ECLI:NL:RBDHA:2024:18696
Rechtbank Den Haag
- Voorlopige voorziening
- Rechtspraak.nl
Afwijzing verzoek voorlopige voorziening asielaanvraag
In deze zaak heeft de voorzieningenrechter van de Rechtbank Den Haag op 13 november 2024 uitspraak gedaan in het kader van een verzoek om een voorlopige voorziening. Verzoeker, vertegenwoordigd door zijn gemachtigde mr. A. van der Toorn, had een aanvraag ingediend voor een verblijfsvergunning asiel voor bepaalde tijd. Deze aanvraag was door de minister van Asiel en Migratie op 19 juni 2024 niet-ontvankelijk verklaard. Hiertegen heeft verzoeker beroep ingesteld en verzocht om een voorlopige voorziening.
De voorzieningenrechter heeft het verzoek op 7 oktober 2024 behandeld, samen met een andere zaak (NL24.22631). In de uitspraak van diezelfde dag is het beroep van verzoeker behandeld, waardoor de noodzaak voor een voorlopige voorziening is komen te vervallen. De voorzieningenrechter heeft daarom het verzoek om voorlopige voorziening afgewezen. Tevens is er geen aanleiding voor een proceskostenveroordeling.

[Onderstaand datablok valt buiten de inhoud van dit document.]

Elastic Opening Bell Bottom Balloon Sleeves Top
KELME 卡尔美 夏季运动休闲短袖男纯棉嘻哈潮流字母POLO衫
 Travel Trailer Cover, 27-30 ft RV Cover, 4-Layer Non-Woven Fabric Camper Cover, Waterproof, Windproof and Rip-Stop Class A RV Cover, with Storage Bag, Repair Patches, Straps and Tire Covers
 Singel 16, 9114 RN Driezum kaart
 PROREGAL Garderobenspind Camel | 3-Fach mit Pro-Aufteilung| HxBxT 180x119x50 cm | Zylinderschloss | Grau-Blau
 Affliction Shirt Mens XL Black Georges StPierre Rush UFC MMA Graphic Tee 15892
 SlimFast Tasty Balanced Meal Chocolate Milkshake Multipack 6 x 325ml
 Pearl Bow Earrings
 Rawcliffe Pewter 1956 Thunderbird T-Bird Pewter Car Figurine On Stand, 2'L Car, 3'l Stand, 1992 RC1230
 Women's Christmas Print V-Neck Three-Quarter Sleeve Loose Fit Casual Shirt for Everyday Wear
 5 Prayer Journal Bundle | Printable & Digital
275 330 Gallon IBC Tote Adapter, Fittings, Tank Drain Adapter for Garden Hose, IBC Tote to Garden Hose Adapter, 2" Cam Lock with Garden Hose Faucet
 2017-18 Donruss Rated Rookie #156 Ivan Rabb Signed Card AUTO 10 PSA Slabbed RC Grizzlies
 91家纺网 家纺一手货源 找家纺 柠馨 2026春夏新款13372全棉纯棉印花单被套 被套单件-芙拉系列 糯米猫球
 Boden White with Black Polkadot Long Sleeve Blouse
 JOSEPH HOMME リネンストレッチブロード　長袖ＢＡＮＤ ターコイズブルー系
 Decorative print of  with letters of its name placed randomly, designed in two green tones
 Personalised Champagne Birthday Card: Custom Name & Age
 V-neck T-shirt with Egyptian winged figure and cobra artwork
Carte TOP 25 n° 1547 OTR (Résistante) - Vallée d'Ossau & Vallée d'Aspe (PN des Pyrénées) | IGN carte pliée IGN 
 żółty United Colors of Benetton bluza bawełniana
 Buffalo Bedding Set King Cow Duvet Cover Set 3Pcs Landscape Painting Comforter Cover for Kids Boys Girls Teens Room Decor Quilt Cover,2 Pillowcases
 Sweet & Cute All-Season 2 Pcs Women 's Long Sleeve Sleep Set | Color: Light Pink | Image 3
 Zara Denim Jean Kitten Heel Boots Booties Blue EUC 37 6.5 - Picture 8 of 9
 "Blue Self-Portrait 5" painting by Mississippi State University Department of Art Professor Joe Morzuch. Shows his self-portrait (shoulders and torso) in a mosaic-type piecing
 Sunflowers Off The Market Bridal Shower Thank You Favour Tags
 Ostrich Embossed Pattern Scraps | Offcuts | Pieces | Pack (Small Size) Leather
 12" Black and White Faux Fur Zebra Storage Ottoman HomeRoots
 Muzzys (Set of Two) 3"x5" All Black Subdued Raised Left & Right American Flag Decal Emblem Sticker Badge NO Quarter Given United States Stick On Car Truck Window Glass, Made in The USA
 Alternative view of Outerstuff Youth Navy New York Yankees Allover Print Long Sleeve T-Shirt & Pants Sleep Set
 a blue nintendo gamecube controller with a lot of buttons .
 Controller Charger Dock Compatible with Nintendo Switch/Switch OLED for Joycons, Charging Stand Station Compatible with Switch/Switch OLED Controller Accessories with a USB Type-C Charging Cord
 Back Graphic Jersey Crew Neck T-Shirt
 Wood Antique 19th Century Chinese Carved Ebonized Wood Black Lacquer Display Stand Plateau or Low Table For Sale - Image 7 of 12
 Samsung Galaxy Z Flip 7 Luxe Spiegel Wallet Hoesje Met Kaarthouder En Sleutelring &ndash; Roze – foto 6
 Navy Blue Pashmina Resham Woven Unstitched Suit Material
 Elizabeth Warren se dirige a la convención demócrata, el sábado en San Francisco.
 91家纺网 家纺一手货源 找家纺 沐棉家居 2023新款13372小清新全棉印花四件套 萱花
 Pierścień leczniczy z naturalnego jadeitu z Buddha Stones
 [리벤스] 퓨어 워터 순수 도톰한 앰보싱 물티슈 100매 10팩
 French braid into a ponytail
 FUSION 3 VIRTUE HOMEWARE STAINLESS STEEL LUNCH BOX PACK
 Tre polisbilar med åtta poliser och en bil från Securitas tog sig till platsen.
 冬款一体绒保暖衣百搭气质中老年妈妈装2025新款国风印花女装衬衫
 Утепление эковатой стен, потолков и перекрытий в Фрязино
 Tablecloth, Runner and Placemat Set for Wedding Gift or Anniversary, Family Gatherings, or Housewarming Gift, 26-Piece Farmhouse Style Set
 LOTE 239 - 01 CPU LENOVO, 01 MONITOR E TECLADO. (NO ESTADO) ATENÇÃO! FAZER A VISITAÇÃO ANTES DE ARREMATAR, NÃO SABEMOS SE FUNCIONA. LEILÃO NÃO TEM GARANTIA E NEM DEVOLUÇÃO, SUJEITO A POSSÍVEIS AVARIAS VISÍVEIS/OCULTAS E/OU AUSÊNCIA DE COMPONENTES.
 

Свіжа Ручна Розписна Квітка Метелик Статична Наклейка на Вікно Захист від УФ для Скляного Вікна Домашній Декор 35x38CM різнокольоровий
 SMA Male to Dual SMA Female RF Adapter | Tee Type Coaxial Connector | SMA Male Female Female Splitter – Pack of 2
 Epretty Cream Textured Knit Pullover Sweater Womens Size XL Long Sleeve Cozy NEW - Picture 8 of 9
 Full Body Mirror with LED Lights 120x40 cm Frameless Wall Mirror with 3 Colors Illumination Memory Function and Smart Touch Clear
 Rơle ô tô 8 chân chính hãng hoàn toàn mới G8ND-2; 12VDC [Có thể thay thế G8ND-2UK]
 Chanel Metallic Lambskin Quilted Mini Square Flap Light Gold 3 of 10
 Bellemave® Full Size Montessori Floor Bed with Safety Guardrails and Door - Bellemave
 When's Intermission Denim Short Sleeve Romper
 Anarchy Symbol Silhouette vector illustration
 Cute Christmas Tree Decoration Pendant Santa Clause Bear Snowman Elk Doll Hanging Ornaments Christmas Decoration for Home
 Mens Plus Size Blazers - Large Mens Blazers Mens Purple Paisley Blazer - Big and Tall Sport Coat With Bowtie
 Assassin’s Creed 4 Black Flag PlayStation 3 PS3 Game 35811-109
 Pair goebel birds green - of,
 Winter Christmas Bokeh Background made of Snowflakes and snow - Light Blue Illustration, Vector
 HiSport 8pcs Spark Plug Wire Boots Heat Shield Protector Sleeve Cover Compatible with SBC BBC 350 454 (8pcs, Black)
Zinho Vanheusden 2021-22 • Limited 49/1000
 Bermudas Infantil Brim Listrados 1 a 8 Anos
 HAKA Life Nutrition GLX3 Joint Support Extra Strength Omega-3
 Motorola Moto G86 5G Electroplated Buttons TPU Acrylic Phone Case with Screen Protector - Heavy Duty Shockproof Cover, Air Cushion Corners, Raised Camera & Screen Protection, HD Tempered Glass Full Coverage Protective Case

De uitspraak is gedaan door mr. V.A.G. van Dijk, in aanwezigheid van griffier mr. J. Dijkstra, en is openbaar gemaakt. Tegen deze uitspraak staat geen hoger beroep of verzet open. De minister en de staatssecretaris worden in deze uitspraak aangeduid als de minister voor de leesbaarheid.